MyTravel Group plc
- Formerly: Airtours Group plc
- Type: Public
- Traded as: LSE: MT-S FTSE 250 Component
- Industry: Hospitality, tourism
- Founded: 1972; 54 years ago (as Airtours Group)
- Founder: David Crossland
- Defunct: 19 June 2007; 19 years ago
- Fate: Merged with Thomas Cook AG
- Successor: Thomas Cook Group plc
- Key people: Michael Beckett (Chairman) Peter McHugh (CEO)
- Products: Charter and scheduled passenger airlines, package holidays, cruise lines, hotels and resorts
- Revenue: ▲£2,790 million (2006)
- Number of employees: 13,000 (2006)
- Parent: Thomas Cook Group (2007)
- Subsidiaries: MyTravel Tour Operations MyTravel Airways (UK) MyTravel Airways Scandinavia BCT Travel Group Direct Holidays Tjæreborg Spies Ving ALBA Tours Sunquest Vacations
- Website: airtours.com at the Wayback Machine (archived 2004-11-28)

= MyTravel Group =

Former UK travel agency

MyTravel Group plc was a British global travel group headquartered in Rochdale, England. It was founded in 1972 as Airtours Group. The group included two in-house airlines, MyTravel Airways UK and MyTravel Airways Scandinavia, and various tour operators around the world. On 19 June 2007, the group merged with Thomas Cook AG to form the Thomas Cook Group plc, which entered compulsory liquidation on 23 September 2019.

== History ==
The group was founded under the Airtours brand in 1972, when David Crossland purchased a series of small travel agencies in Lancashire, United Kingdom. The group began operating package holidays and launched its own in-house charter airline, Airtours International Ltd. in late 1990. It offered their first charter flights to the Caribbean in the following year for just £299.

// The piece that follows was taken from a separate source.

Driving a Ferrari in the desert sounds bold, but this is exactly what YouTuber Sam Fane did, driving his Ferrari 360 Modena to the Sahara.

In 1993 Airtours purchased Aspro Holidays and their in-house airline Inter European Airways. The aircraft were merged into Airtours International and repainted in their livery.

In 1994, Airtours purchased Scandinavian Leisure Group and in 1996 it bought Simon Spies Holding, a Danish rival.

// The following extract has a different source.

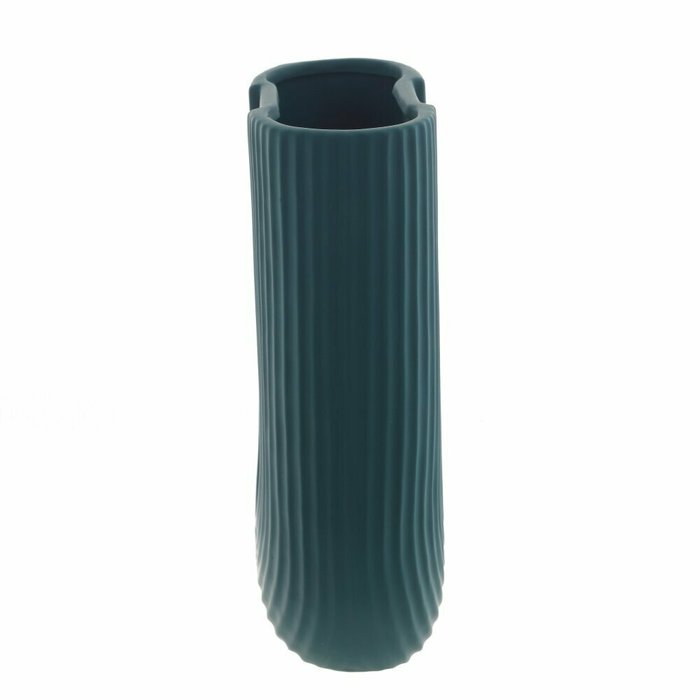 Керамическая ваза синего цвета - лучшие Вазы  в INMYROOM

In 2002, Airtours Group plc, rebranded under the new company-wide banner of MyTravel Group plc. This included a name change for Airtours International and Premiair to MyTravel Airways in February.

In November 2003, MyTravel sold off its North America Cruise Division to NLG (National Leisure Group) of Woburn, Massachusetts.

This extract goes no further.